Taking the long road: NZ's Forgotten World Highway and the Tongariro Crossing

Emerald Lakes Tongariro Crossing
The Emerald Lakes viewed on the Tongariro Crossing

You are a traveller. You grip white-knuckled to the sides of your seat as the Nissan Caravan swings heavily around tight corners on the Forgotten World Highway in New Zealand. Keane’s groundbreaking album Hopes and Fears is playing on the radio.

The bearded one is in the driver’s seat, he's monologuing about Donald Trump or something like that. He's not paying attention to the road or any of the recommended speed signs. The curly haired one, to your left, is agreeing with him politely, but you know that she is in her own world, thinking about food.

"So I'm thinking we should have the curry tonight," she interjects.

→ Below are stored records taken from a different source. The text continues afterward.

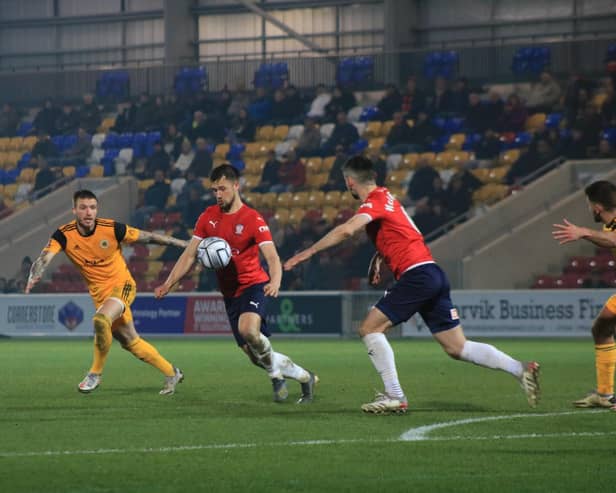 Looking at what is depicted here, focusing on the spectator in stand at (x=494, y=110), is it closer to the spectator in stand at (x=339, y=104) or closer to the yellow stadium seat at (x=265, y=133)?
the spectator in stand at (x=339, y=104)

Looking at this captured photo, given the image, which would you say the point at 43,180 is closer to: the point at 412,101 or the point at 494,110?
the point at 412,101

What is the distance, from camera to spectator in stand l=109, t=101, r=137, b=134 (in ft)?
128

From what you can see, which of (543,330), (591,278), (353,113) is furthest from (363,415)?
(353,113)

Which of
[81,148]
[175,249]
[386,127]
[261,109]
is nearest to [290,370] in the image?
[175,249]

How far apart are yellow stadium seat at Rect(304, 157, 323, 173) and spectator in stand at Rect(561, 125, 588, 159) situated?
261 inches

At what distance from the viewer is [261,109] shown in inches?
1471

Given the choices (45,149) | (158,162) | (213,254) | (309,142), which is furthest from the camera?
(45,149)

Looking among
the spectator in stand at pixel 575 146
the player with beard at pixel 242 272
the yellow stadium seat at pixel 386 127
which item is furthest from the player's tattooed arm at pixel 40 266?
the yellow stadium seat at pixel 386 127

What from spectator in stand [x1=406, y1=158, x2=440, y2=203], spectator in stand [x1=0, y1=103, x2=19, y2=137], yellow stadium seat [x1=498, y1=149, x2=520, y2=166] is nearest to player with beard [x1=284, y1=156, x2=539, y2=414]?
spectator in stand [x1=406, y1=158, x2=440, y2=203]

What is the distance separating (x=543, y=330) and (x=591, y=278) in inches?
91.3

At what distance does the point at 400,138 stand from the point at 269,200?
3.70 metres

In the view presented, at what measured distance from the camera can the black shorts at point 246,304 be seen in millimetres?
12305

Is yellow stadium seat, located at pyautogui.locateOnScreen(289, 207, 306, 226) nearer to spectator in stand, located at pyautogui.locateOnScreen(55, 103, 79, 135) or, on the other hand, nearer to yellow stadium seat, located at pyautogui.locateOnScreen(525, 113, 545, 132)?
yellow stadium seat, located at pyautogui.locateOnScreen(525, 113, 545, 132)

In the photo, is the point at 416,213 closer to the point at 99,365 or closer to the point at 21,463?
the point at 99,365
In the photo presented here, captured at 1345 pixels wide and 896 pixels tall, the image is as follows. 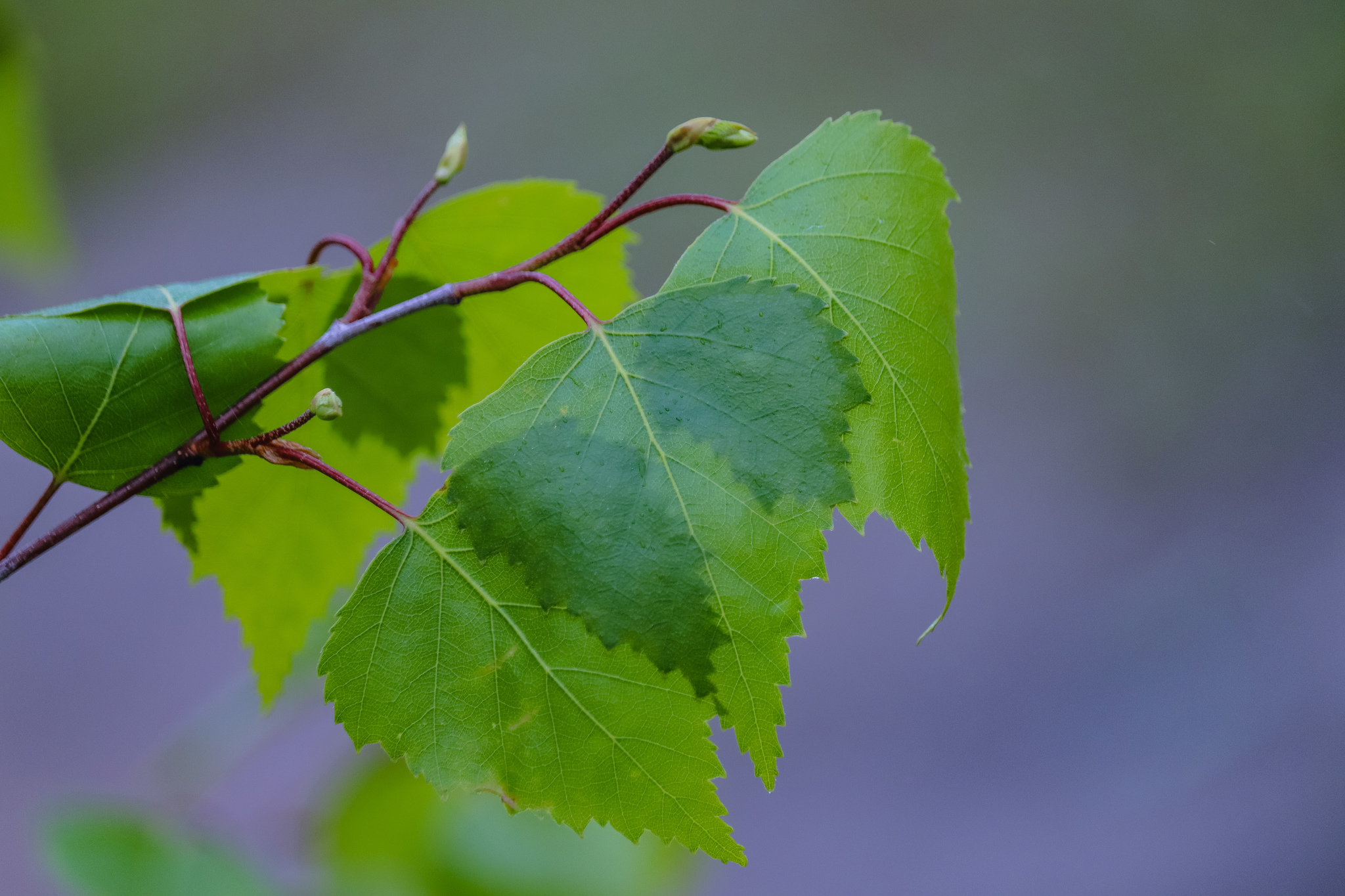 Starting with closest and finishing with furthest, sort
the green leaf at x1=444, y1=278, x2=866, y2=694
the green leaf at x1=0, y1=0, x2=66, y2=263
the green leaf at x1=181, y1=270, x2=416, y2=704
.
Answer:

"Yeah, that sounds good." Says the bearded one, but you know he isn't listening, and that this will have consequences later.

From the Forgotten World Highway
From the Forgotten World Highway

The Forgotten World Highway is 148km of slow road that curves around farmland and nature reserves. It's the slowest route between Stratford and Taumarunui, but the bearded one read about it in National Geographic Traveller once and now he's desperate to see the town of Whangamomona.

In 1989, Whangamomona protested against the redrawing of state lines by declaring itself a republic. The town still celebrates Republic Day on 1st November every year. They elect an honorary president and welcome tourists from all over New Zealand to join in the festivities. Visitors flock to this isolated town in the middle of an old disused highway, paying NZ$3 for a passport. Another thing to note is that the ‘wh’ in New Zealand place-names is pronounced ‘f’, so Whangapamona is not ‘wang’ but ‘fang’.

The hotel at Whangamomona is a short walk from your campsite, so you head out. They have glasses hanging behind the bar with livestock tags on the handles. These are used to send messages to the locals. If you can't get in touch with a resident, just visit the pub and ask to leave a message in their 'handle'. They can pick it up the next time they visit.

Whangamomona Hotel
Whangamomona Hotel

The next day you drive 12km of unsealed road through Tangarakau Gorge to get back to the highway. The car rattles nervously through Moki Tunnel (which looks as if it has been dug by hand) and as you reach the other side you feel like you've time-travelled back to the age of dinosaurs. The curly haired one hums the Jurassic Park theme in the passenger seat.

On the Forgotten World Highway

When you arrive at the campsite  near the Tongariro crossing, the owner turns up with a small puppy in the back of her truck. It's adorable.

Campsite near the Tongariro Crossing

In the morning your alarm clock rings at 4.30am. Today you will be walking the Tongariro Crossing. This is a 6-8 hour walk through the Tongariro volcanic complex which takes you past a the mountain used as Mt Doom in Lord of the Rings, up something called the Red Crater, past emerald coloured lakes and down a scree slope that has you crawling on your back like a spider.

Mt. Ngauruhoe / Mt. Doom

Mt. Tongariro erupted in 2012 and the area is still active. As you walk, you notice steam spiralling from the mountainside in the distance. It's smells like egg, but kind of delicious, like it has been layered on a warm slice of toast and zealously sprinkled with salt and pepper. You learn that this is the release of volcanic pressure. When the pressure gets high enough, it can break rock and jettison projectiles. You walk past the area where a small hut was once decimated by a projectile flung from a few kilometres away.

Fissure viewed from the Red Crater

The walk climbs steeply to its peak at Red Crater (1886m). From here you view a gigantic fissure in the mountainside where pressure erupted and split the rock. Then, on the other side, you see emerald lakes tinged blue by the minerals resting at the bottom of large pools of water. At this height, the lakes sit above the clouds in the distance. They look as if they are swinging impossibly on invisible strings strung to the blue sky above.

The Emerald Lakes

It's a thrilling landscape filled with danger, beauty and, on this day, heat. Your companions stop often to eat snacks. During the course of the day they eat a large vat of oats, two bananas, three pepper and hummus sandwiches, three oat bars, a tub of honey roasted nuts and a couscous and tomato salad mix.

After the walk, they eat two ice-creams. For dinner, they have two veggie hot dogs each, with onion toppings, and a tin of spaghetti on the side. For pudding they eat a can of peaches. Bellies full, limbs numb and eyes heavy, you go to sleep at 8.30pm with the light still fading outside.